## Problem statement
Pictures left aside, return the lines below exactly, from the one with "INVADERS - COMPLETE SERIES" to the end, including both ends.

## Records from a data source
• • •

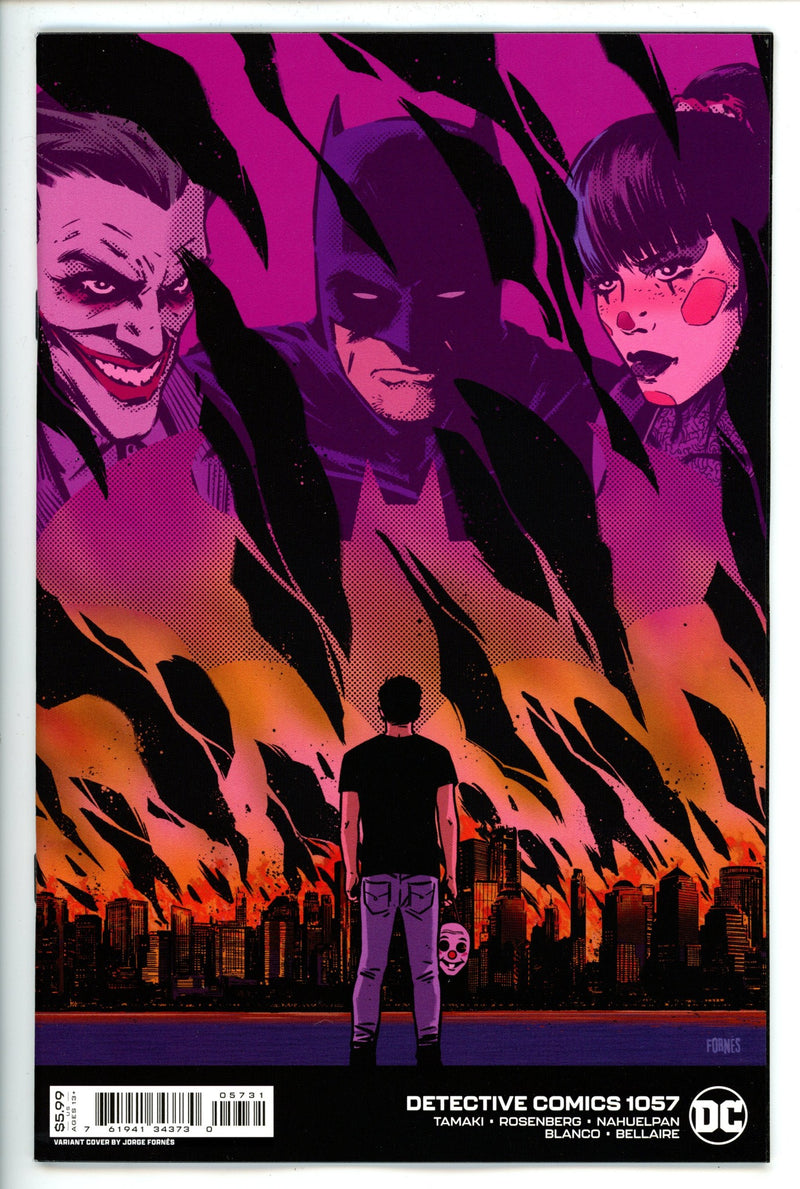 Detective Comics Vol 3 1057 Fornes Variant NM+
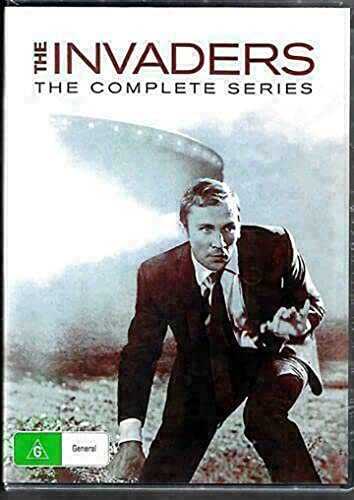 INVADERS - COMPLETE SERIES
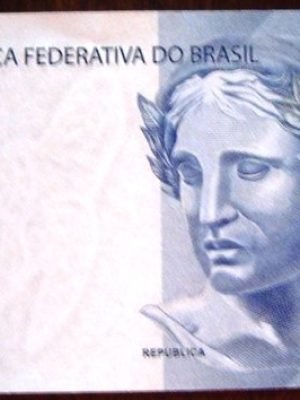 Cédula 2 Reais Brasil 2010 C 333 43965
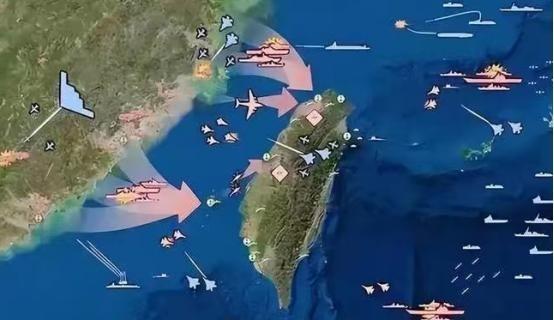 终于知道中国为什么没趁机收回台湾了，说白了，不是中国不愿意，而是背后涉及的事情太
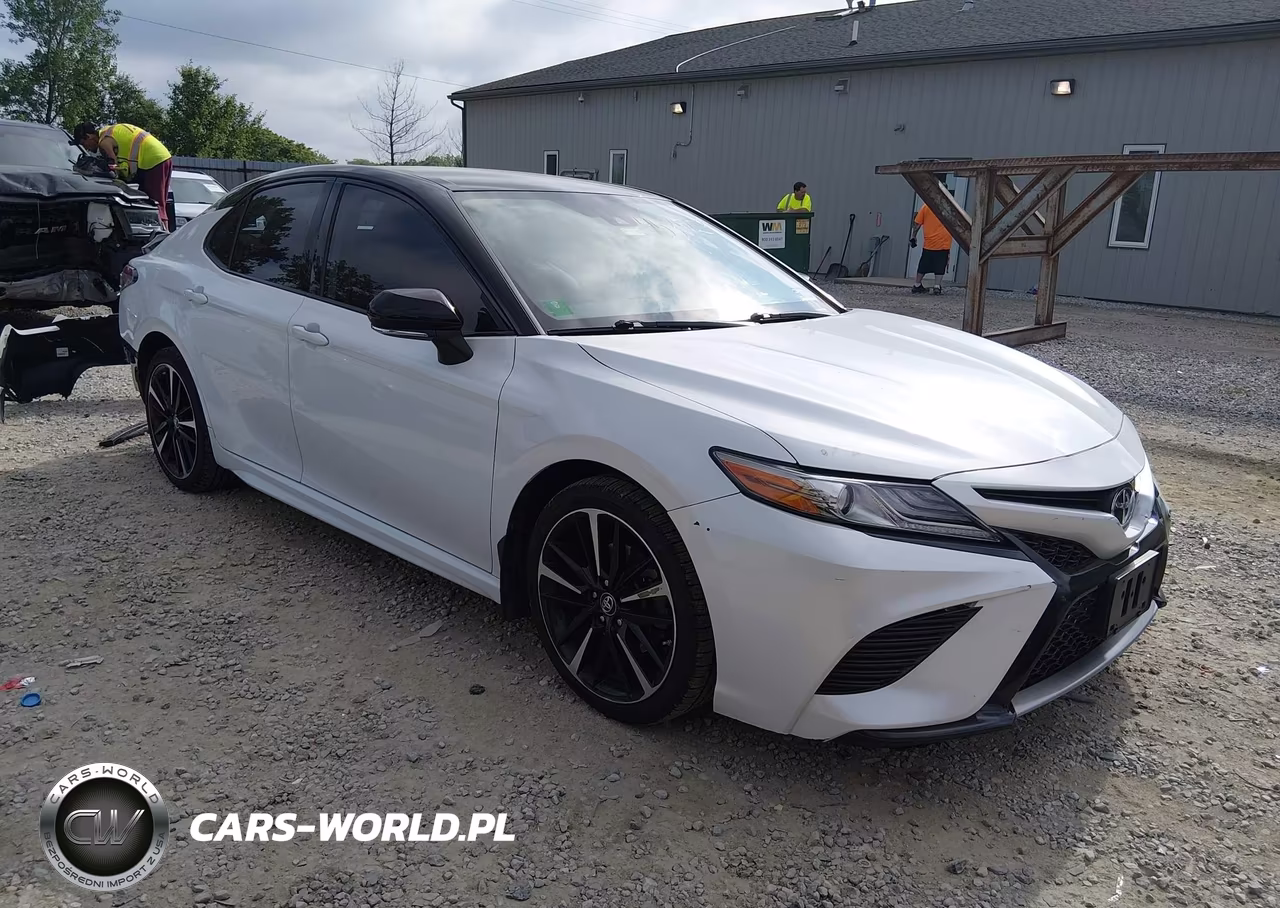 2019 Toyota Camry Xse – zdjęcie 1 z 16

• • •

## Written response
 INVADERS - COMPLETE SERIES
 Cédula 2 Reais Brasil 2010 C 333 43965
 终于知道中国为什么没趁机收回台湾了，说白了，不是中国不愿意，而是背后涉及的事情太
 2019 Toyota Camry Xse – zdjęcie 1 z 16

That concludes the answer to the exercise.